Es en la vacía resonancia de la multitud es en
donde más fuerte resuenan las voces de melancolía, al ver carreras sin rumbo
definido, consumo sin sentido, tristezas adormecidas y una gran masa humana
sucumbiendo a la cotidianidad insulza, a la rutina hueca, al ruido ensordecedor
del murmullo, a los alaridos vociferantes de la publicidad.
Almas angustiadas, miradas distantes, caminares
pesados, suspiros lejanos y sentires apados.
Todos van de vuelta, o llegando, tal vez no saben bien la
diferencia. Sonrisas para la cámara,
obsequios por la ausencia, pantallas hipnotizantes robando el tiempo, robando
miradas, robando la vida. Un cumulo de autómatas siguiendo letreros, buscando
salidas, escapando a realidades, creando mentiras para ser creídas.
En una esquina escondida, tras el velo del
anonimato y la indiferencia generalizada, una mirada observa aquellos andares, como
el gran hermano que vigila, pero esta vez sin necesidad de esconderse pues
nadie levanta la vista, tratando de entender cuando fue que todos morimos sin
darnos cuenta, cuando fue que se apagaron las miradas dulces y las sonrisas
genuinas, ¿cuándo fue que, sin darse cuenta, la humanidad mato su alma mientras
perseguía lo tangible, lo efímero, lo momentáneo, lo palpable e irreal?

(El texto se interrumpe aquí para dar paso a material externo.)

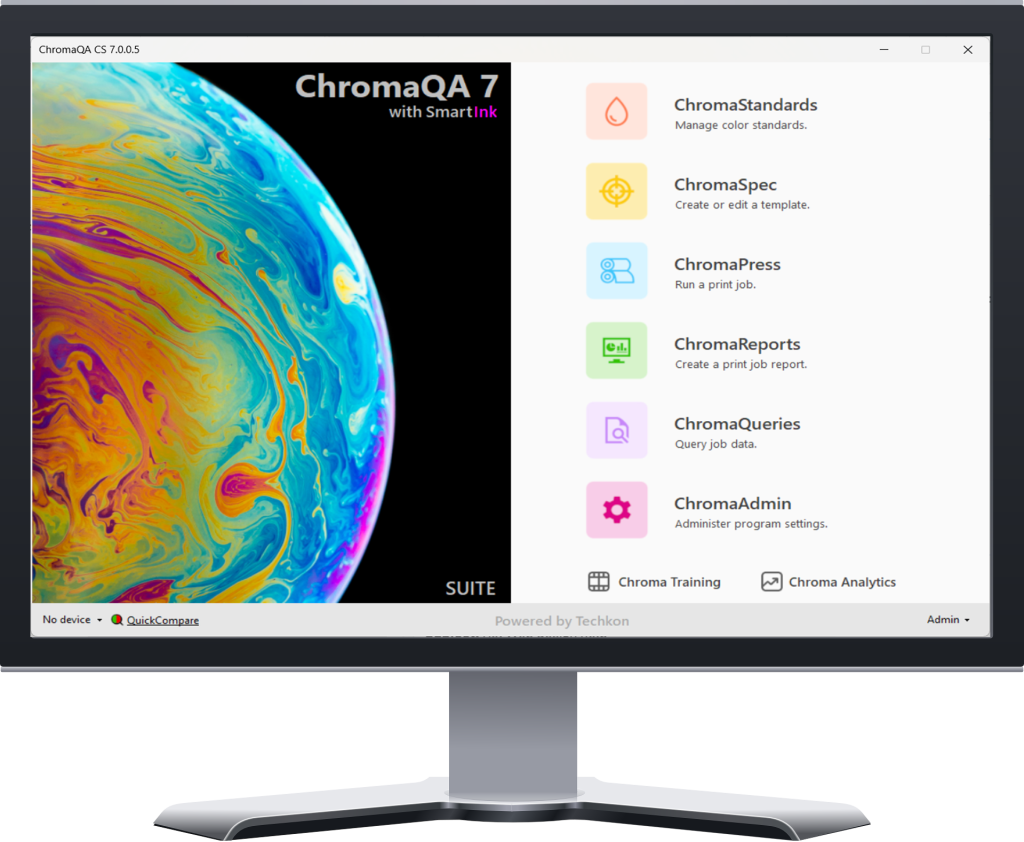 A PC monitor displaying the ChromaQA 7 startup menu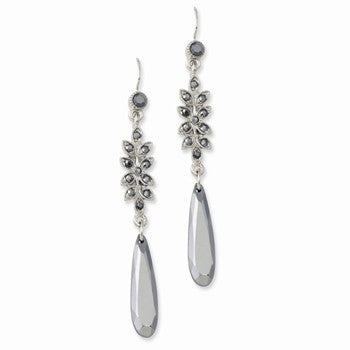 Black-plated Hematite Crystal Dangle Earrings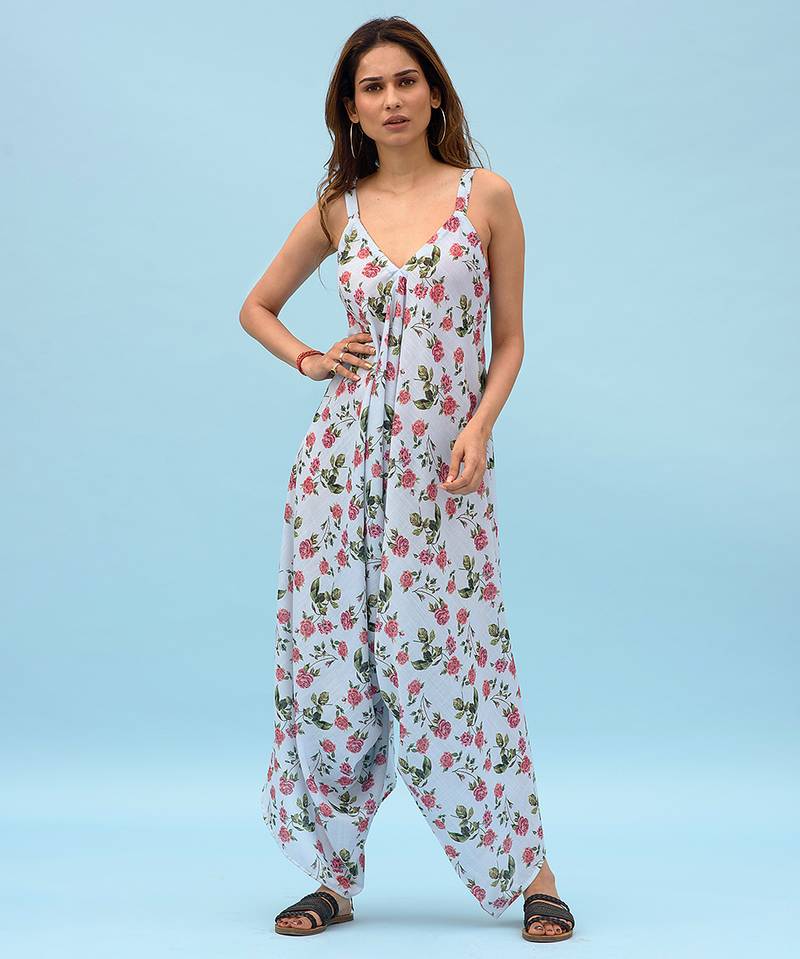 Iceberg blue floral & abstract printed linen palazzo jumpsuit mother daughter matching combo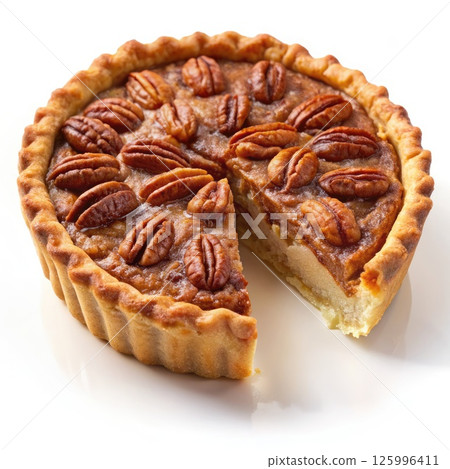 Delicious Pecan Pie With Missing Slice. Generative AI 125996411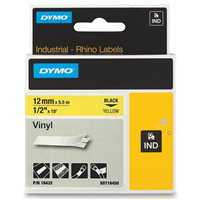 DYMO vinylová páska RHINO D1 12 mm x 5,5 m, černá na žluté 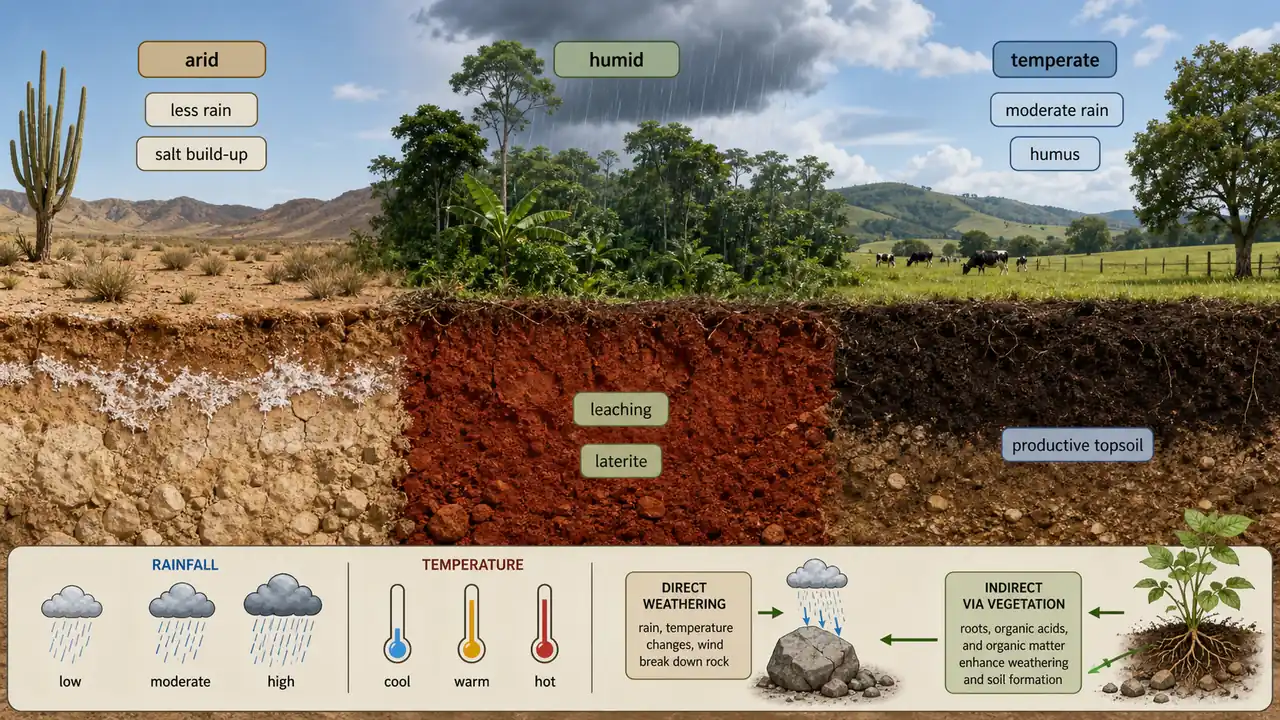 Climate as an active soil forming factor showing arid salt build-up, humid laterite leaching, and temperate humus-rich productive topsoil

Entre este remolino de cuerpos vacíos, en donde
vienen y van reflejos de almas y restos de seres, se crea una irrealidad tan
real que hace dudar si estamos o no, si somos o no, si vamos o venimos.
La puerta se abre, los pasos se escuchan, los
destinos se anuncian, la rutina se presenta, la vida se esconde, nuevamente
derrotada por quienes se creen vivos mientras solo ocupan un espacio.